Sharing news about financing events produced two results. First, they would highlight the size of the opportunity in the sector. However, since the entrepreneurs decided to build a company in that sector, and since we decided to back the company, we shouldn’t have any doubts about the opportunity. We wouldn’t be in the sector if we didn’t believe in the opportunity.

Second, they would make the founders feel like they were behind. No one publicizes the smaller financing events so the ones you read about in the press are the big ones. This makes founders question why they haven’t been able to raise as much money and this often creates unnecessary stress. How much money you raise isn’t necessarily a proxy for how successful your company is, and even when it is, founders need to focus on building their product, not worrying about how much money a competitor has raised, in order to catch up.

Sharing news about product developments also rarely serves a purpose. There are two types of product developments. The first category are the ones that a company doesn’t share in public because they represent a unique insight that they don’t want competitors to copy. These are a minority and since they’re non-obvious, you won’t read about them in the press.

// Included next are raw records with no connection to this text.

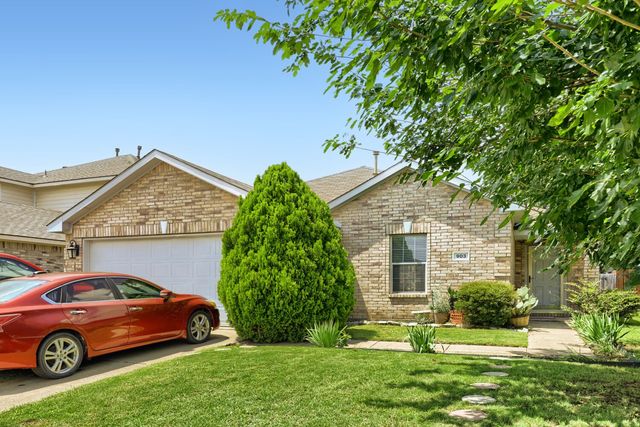 903 Hems Lane, Arlington, TX 76001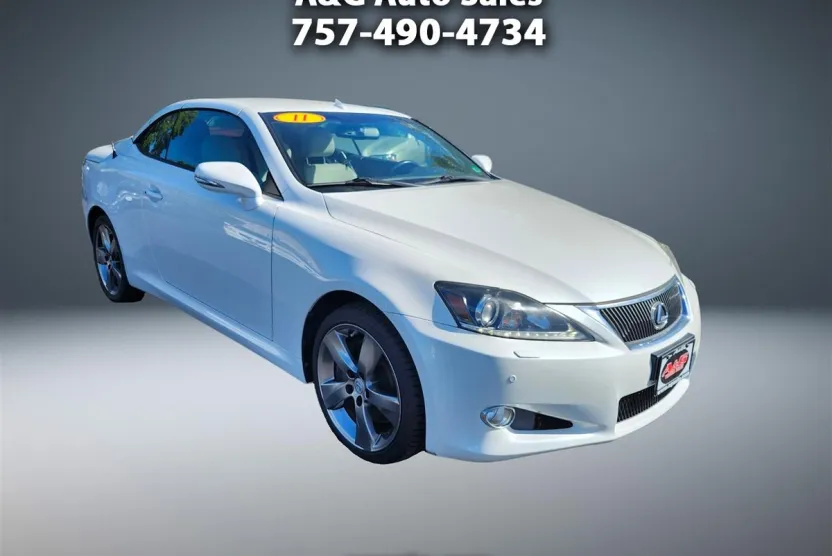 2011 Lexus IS 350C photo 1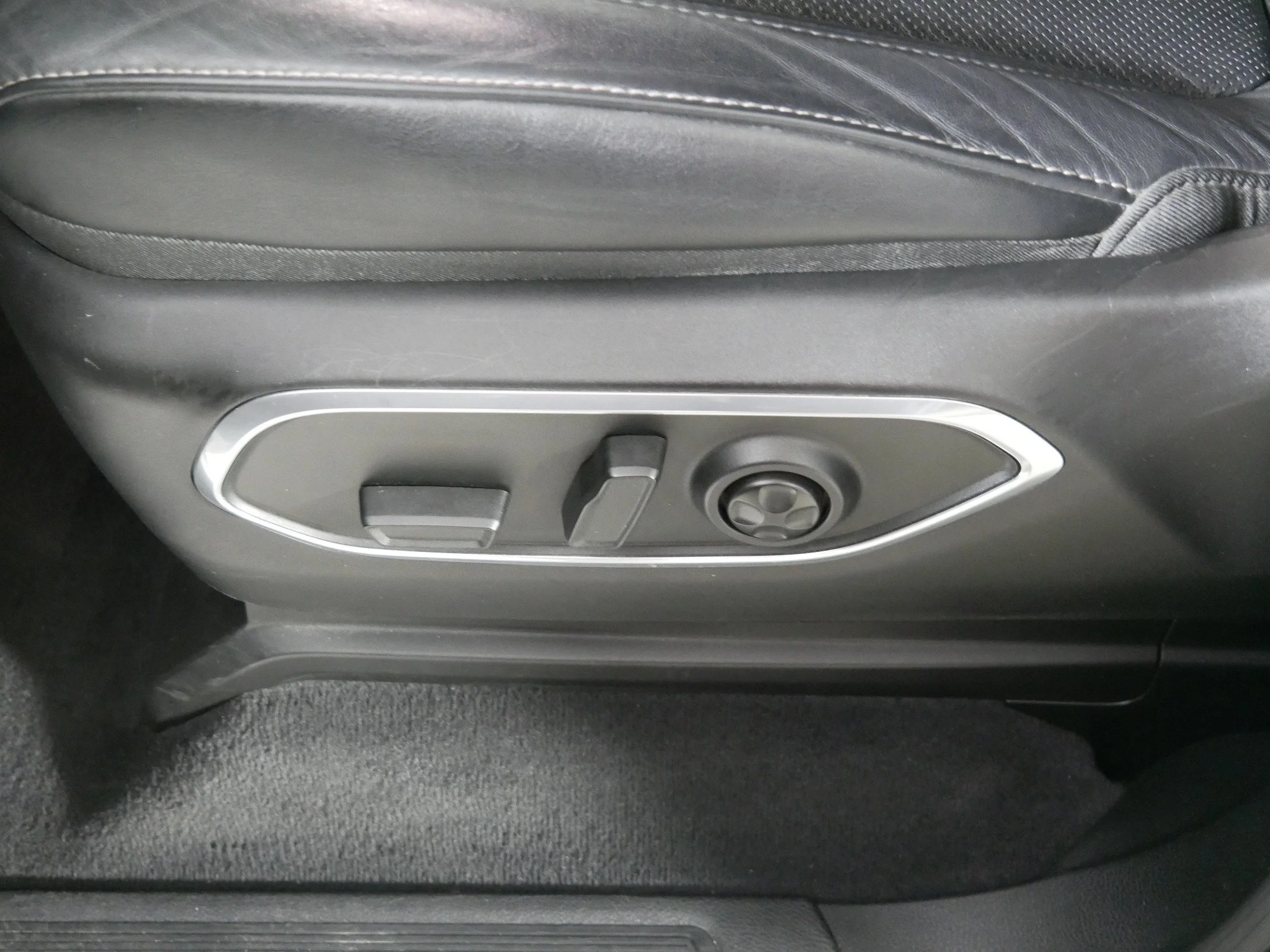 Used 2023 Bright White Clearcoat Jeep Series II image 20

The second category, which are shared in the press, are those obvious features that everyone agrees on the value of. A personalized product recommendation engine for an e-commerce site, or a signup campaign to build up interest prior to launching in a new geography, are good examples. Everyone agrees that they’re useful, but they’re also obvious. Knowing that a competitor built these features isn’t that valuable. What matters is actually building them yourself, and ensuring that they work better than those offered by competitors. A founder’s time is better spent sweating the details of the execution of these obvious product developments than reading about the obvious developments that others are making.

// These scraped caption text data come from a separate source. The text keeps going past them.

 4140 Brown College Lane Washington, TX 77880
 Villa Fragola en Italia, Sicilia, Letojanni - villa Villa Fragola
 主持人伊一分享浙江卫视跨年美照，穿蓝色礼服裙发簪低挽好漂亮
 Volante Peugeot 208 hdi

I’ve outlined the types of articles that I don’t think create value when an investor shares them with a founder. This doesn’t mean that there aren’t articles that contain valuable information. For example, the global market leader in your sector may have just bought a competitor in another geography, and this may be a signal that they’re looking for similar acquisition opportunities in other geographies. However, such valuable articles are the minority, not the majority.

I therefore no longer share the majority of the articles that I read about a sector with our founders operating in that sector. Only in the rare case that an article contains a non-obvious and meaningful insight is it worth sharing.

Startup acquisitions in emerging and developed startup ecosystems

There are four reasons for an acquirer to buy a startup. These are its team, product, revenue, and profits.

If your team is good enough, you might receive an acquisition offer because the acquirer wants your team to be part of their team. You don’t even need to have launched your product.

A second reason a company might want to buy you is for your product. This is one step further along than having built a team.

For a team or product acquisition to take place, two conditions are required.

First, the product that the team has the potential to build or has already built needs to be something that the acquirer can’t or would find very challenging to build in-house. This tends to happen in businesses where the value lies in the technology itself (for example software) rather than businesses that use technology to enable another behavior (for example e-commerce).

Second, the team or product need to have the potential to scale enough to pose an existential threat to the acquirer. This requires a strong startup ecosystem including deep funding and knowledge of how to scale startups.

Of the geographies we invest in, we rarely see team or product acquisitions in Turkey. This is because most Turkish startups use technology as an enabler rather than as the core value creator and the local startup ecosystem doesn’t have sufficient funding or knowledge of scaling startups for these startups to pose an existential threat to large companies. I’m using Turkey as an example because that’s where we invest, however the same is true for other emerging startup ecosystems across the world.

Team and product acquisitions do take place in developed startup ecosystems like Silicon Valley, Boston, and New York where both of these conditions exist.

The third reason for an acquirer to buy a startup is its revenue. In other words, even if a startup isn’t profitable, an acquirer may want to buy it for its customer base and path to profitability.

And the fourth reason is for its profits. This one is pretty self-explanatory.

Acquisitions made for a startup’s revenue and profits don’t require that the target be a company where technology is the core value creator. Using technology as an enabler is enough. And they also don’t require that the company have the potential to pose an existential threat to the acquirer. The company’s customers, revenue, and perhaps profits already show that this is the case.

As a result, we see acquisitions driven by revenue and profit motivations in startup ecosystems across the world.

But once a company has significant revenue and a path to profitability or is already profitable, is it still a startup? In other words, do we see startup acquisitions in emerging startup ecosystems?